We are not naive. Politics will be played. But the players must look ahead to the endgame before they bet the entire country — and that is what they will do if they continue to “let ’er rip.”

Op-Ed: "We Need Growth, and Growth Requires Reform"

The New York Times | August 29, 2012

Getting our economy growing is our most pressing economic problem. But there can be no sustainable economic growth as long as we face America’s enormous debt overhang. If we don’t put our nation’s fiscal house in order, we face the most predictable economic crisis in history.

Solving this economic crisis the right way means avoiding the large, immediate, indiscriminate cuts and tax increases that are on the horizon, from the “sequestration” deal.

We should be careful not to cut too deep too soon. But failing to deal with the debt is the real risk we just plain can’t afford.

One of the key principles set out by the National Commission on Fiscal Responsibility and Reform, which I co-chaired with former Senator Alan Simpson, was that a debt-reduction plan must be phased in gradually so as not to disrupt a very fragile economic recovery.

Our commission’s plan would reduce the deficit by more than $4 trillion over the next decade, but would do so in a way that encourages, rather than hinders, economic growth and stability.

The real short-term risk to the economy isn't a carefully thought-out deficit reduction plan, but the mindless spending cuts and tax increases — known as the “fiscal cliff” — that are scheduled to go into effect at the beginning of next year.

Allowing those deep and abrupt measures to occur would put us into a double-dip recession. At the same time, continuing on our current path by punting these measures would send a dangerous message to the markets that America is not willing or able to deal with our debt.

The only responsible course of action is to replace the fiscal cliff with a gradual and thoughtful plan to save at least $4 trillion over the next decade and put the deficit on a clear downward path relative to the economy.

Such a plan can lay the foundation for sustained economic growth through a combination of debt reduction, comprehensive tax reform, and maintenance of important investments in education, infrastructure, and high-value research and development.

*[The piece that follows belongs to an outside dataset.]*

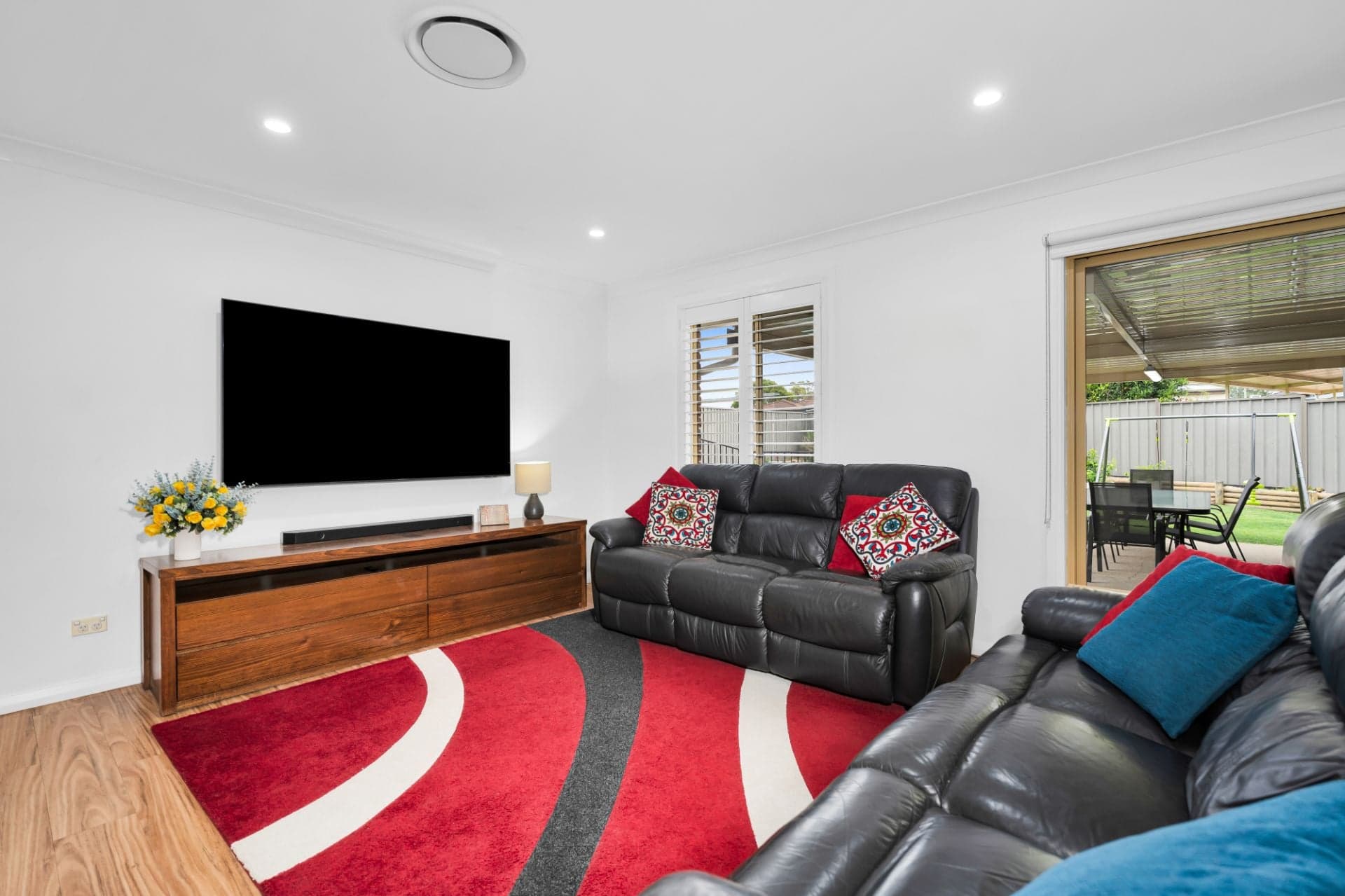 9 Siward Place, Rosemeadow - Thumbnail 8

We should be careful not to cut too deep too soon. But failing to deal with the debt is the real risk we just plain can’t afford.

Op-Ed: "A Problem Too Big for Small Solutions"

The New York Times | August 29, 2012

The federal debt is the nation’s most pressing economic problem because our dangerously high debt levels are a threat on every issue — be it jobs, growth, competitiveness or public under-investment. The deficit is already harming the economy, and could eventually lead to a devastating fiscal crisis.

To suggest we must decide between debt reduction and economic recovery is to present a false choice. To the contrary, we cannot achieve one without the other. The key will be to implement a comprehensive debt deal large enough to fix the problem, phased in gradually enough so as not to derail the recovery, and designed to promote economic growth through reforms to the tax code and cuts in government spending that protect productive government investments.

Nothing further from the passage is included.